The result comparison:

Original Image Mask Image Generated Image

shuffle

As I wrote in the first post, if we want to achieve compatibility to original, we might need to modify the ControlNetModel. I plan to write a patch for this over the weekend, so once the PoC is done, I intend to open a PR.

ip2p

Not yet. But the code in gradio_ip2p.py does not seem to be doing anything particularly special, and based on the results from this page, it does appear to be fine.

tile

Not yet. Since it is currently in an Unfinished status, it would be wise to hold off on addressing it until it at least changes to an Experimental status. In gradio_tile.py, quite different processing is being performed, and a dedicated pipeline specific to this may be necessary.

patrickvonplaten commented 1 year ago

That's a great summary! Would you like to open a PR to add the inpainting example to: https://huggingface.co/lllyasviel/control_v11p_sd15_inpaint ?

Still need to find time to take a deeper look here though!

ghpkishore commented 1 year ago

@takuma104 for the controlnet inpaint code you shared , the entire image gets disturbed. Given that there is a need to ensure that only the masked area gets inpainted, how does that hold good here? This is from the mikubil's repo : https://github.com/Mikubill/sd-webui-controlnet/issues/968 where they give guidelines on usage of inpaint model with inpainting functionality. Therefore, do you think it might be necessary to use inpaint pipeline ?

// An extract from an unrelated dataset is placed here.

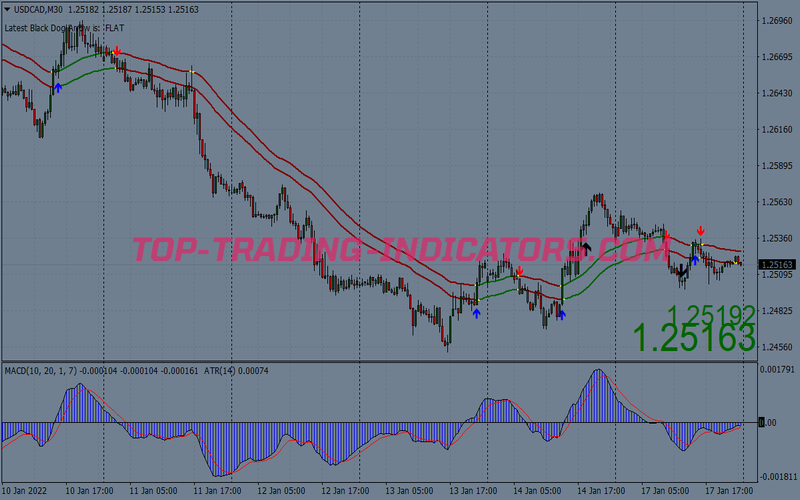 Black Dog Cross Trading Strategy for MT4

takuma104 commented 1 year ago

@patrickvonplaten I just opened a PR for control_v11p_sd15_inpaint. Please make appropriate modifications to the wording as needed.

@ghpkishore Thanks to let me know! I think it might be possible using the Inpaint Pipeline, so I'll give it a try.

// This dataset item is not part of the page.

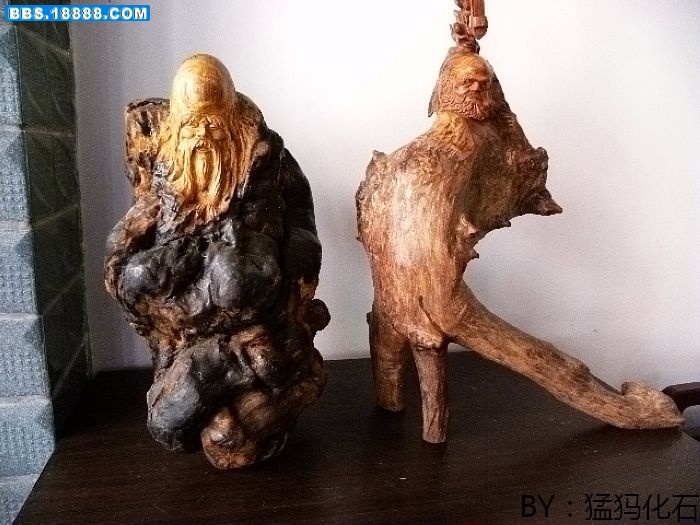 DSCN0816.jpg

patrickvonplaten commented 1 year ago

Very cool! I think "tile" is the only checkpoint that is not tested yet, but it's also unfinished, so I guess we can wait until it's ready? https://github.com/lllyasviel/ControlNet-v1-1-nightly#controlnet-11-tile-unfinished

takuma104 commented 1 year ago

@patrickvonplaten You might already know, but tile has happily been promoted to experimental status. It seems that adjustments in the code are necessary, so I'll think about the best approach. https://github.com/lllyasviel/ControlNet-v1-1-nightly#controlnet-11-tile

takuma104 commented 1 year ago

(new) tile

From the processing flow of the reference gradio_tile.py, it can be interpreted as an Img2Img with ControlNet. It seems that it will be fine to enlarge the input image up to the desired output size using LANCZOS or similar methods (general image resizing, not super-resolution), and use that as the condition_image for ControlNet and input for Img2Img. The code using the stable_diffusion_controlnet_img2img Community Pipeline is as follows. I will conduct a detailed verification, but subjectively it seems to be working fine.

import torch
from PIL import Image
from diffusers import ControlNetModel, DiffusionPipeline, DDIMScheduler
from diffusers.utils import load_image

def resize_for_condition_image(input_image: Image, resolution: int):
    input_image = input_image.convert("RGB")
    W, H = input_image.size
    k = float(resolution) / min(H, W)
    H *= k
    W *= k
    H = int(round(H / 64.0)) * 64
    W = int(round(W / 64.0)) * 64
    img = input_image.resize((W, H), resample=Image.LANCZOS)
    return img

controlnet = ControlNetModel.from_pretrained('takuma104/control_v11', 
                                             subfolder='control_v11f1e_sd15_tile',
                                             torch_dtype=torch.float16)
pipe = DiffusionPipeline.from_pretrained(
    "runwayml/stable-diffusion-v1-5",
    custom_pipeline="stable_diffusion_controlnet_img2img",
    controlnet=controlnet,
    torch_dtype=torch.float16).to('cuda')
pipe.scheduler = DDIMScheduler.from_config(pipe.scheduler.config)
pipe.enable_xformers_memory_efficient_attention()

source_image = load_image('https://github.com/lllyasviel/ControlNet-v1-1-nightly/raw/main/test_imgs/dog64.png')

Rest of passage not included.